Nick Vorderman
Isabella Biedenharn
May 23, 2016 AT 03:04 PM EDT

Two hours into our dinner at the intimate, candlelit West Village bistro Buvette, Stephanie Danler pushes aside her glass of rosé and plate of steak tartare on toast to write me a reading list, carefully dividing it into fiction, nonfiction, and — her favorite — poetry.

The 32-year-old author and current L.A. resident, whose exquisite debut novel, Sweetbitter — the coming-of-age story of 22-year-old Tess — is out May 24, is brimming with recommendations on a diverse array of subjects, from wine (rosé is “not a weakness, it’s a lifestyle choice”) to keeping your sanity in New York City: “My strategy for living here for 10 years was to leave every three months, even for a weekend,” Danler advises. “I think nature’s important.”

Danler is clearly a person of purposeful choices: Even without dining with her, it’s evident from the crisp, deliberate first lines of Sweetbitter. “You will develop a palate,” the protagonist says, musing to a notion of her younger self. “A palate is a spot on your tongue where you remember. Where you assign words to the textures of taste. Eating becomes a discipline, language-obsessed. You will never simply eat food again.”

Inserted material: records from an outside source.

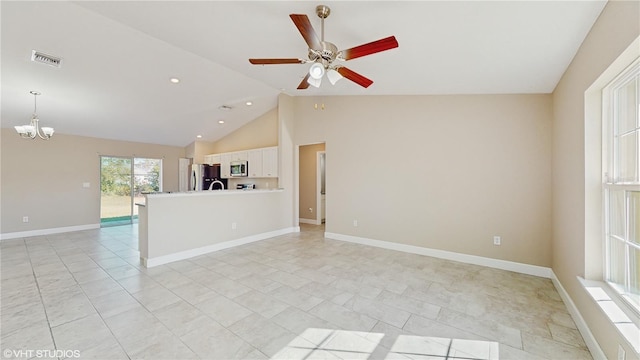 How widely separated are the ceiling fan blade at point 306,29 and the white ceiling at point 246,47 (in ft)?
1.51

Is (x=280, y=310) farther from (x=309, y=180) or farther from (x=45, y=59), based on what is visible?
(x=309, y=180)

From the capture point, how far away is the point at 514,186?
3.54 m

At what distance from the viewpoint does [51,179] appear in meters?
6.05

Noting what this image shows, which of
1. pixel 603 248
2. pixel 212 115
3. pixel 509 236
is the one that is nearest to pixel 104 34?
pixel 212 115

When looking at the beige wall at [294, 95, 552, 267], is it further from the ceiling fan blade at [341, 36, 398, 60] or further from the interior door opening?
the ceiling fan blade at [341, 36, 398, 60]

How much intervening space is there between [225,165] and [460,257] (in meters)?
6.16

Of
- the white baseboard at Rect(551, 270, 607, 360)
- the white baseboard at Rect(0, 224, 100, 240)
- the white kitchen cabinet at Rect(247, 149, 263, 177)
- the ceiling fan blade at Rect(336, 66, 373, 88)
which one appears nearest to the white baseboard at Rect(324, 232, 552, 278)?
the white baseboard at Rect(551, 270, 607, 360)

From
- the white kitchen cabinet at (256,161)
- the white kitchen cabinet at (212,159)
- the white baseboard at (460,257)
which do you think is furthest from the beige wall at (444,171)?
the white kitchen cabinet at (212,159)

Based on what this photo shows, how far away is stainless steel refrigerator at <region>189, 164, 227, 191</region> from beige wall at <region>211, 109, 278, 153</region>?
0.77 m

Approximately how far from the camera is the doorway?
701cm

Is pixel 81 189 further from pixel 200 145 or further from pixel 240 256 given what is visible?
pixel 240 256

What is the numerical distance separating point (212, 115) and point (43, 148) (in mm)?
3966

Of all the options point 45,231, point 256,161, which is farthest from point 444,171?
point 45,231

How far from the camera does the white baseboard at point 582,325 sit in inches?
70.9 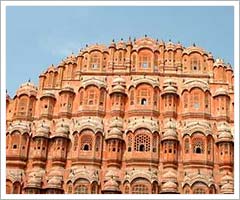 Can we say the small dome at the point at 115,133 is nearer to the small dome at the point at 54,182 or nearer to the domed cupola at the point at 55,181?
the domed cupola at the point at 55,181

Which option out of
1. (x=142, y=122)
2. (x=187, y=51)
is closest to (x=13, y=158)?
(x=142, y=122)

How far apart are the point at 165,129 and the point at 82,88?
529 cm

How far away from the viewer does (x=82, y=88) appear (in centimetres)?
2550

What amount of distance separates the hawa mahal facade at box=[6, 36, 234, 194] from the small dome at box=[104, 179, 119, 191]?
5 cm

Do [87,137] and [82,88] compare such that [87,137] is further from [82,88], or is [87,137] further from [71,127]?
[82,88]

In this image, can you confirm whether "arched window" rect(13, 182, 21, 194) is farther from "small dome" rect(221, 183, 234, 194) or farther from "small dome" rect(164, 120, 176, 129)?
"small dome" rect(221, 183, 234, 194)

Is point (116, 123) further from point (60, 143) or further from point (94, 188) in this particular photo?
point (94, 188)

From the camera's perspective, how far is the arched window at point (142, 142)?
77.5ft

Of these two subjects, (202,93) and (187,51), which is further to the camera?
(187,51)

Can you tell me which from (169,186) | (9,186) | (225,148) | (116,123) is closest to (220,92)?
(225,148)

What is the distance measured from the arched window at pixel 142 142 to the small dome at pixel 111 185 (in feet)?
7.22

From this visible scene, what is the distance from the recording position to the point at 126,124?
24500mm

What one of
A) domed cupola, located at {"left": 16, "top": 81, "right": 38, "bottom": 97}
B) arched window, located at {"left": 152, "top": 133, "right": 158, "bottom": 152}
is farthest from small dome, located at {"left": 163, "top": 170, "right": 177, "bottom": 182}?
domed cupola, located at {"left": 16, "top": 81, "right": 38, "bottom": 97}

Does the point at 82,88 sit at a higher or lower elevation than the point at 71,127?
higher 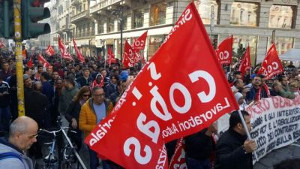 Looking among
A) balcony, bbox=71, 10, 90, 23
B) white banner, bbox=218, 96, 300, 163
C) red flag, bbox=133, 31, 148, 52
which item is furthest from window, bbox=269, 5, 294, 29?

After Sweetbitter sold to Knopf for a reported high-six-figure, two-book deal in late 2014, The New York Times wrote a story about how Danler was working as a waitress at Buvette when she wowed a regular customer, Random House editor at large Peter Gethers, with a draft of her novel. It’s a nice story, and Danler is quick to acknowledge that, technically, it’s true. She did wait on Gethers, and he did receive her manuscript. But the overnight-success fairy tale isn’t exactly right. “The story whitewashed a lot of my hard work,” she says. “The first thing I thought was ‘I was the general manager of a f—ing restaurant for seven years!'”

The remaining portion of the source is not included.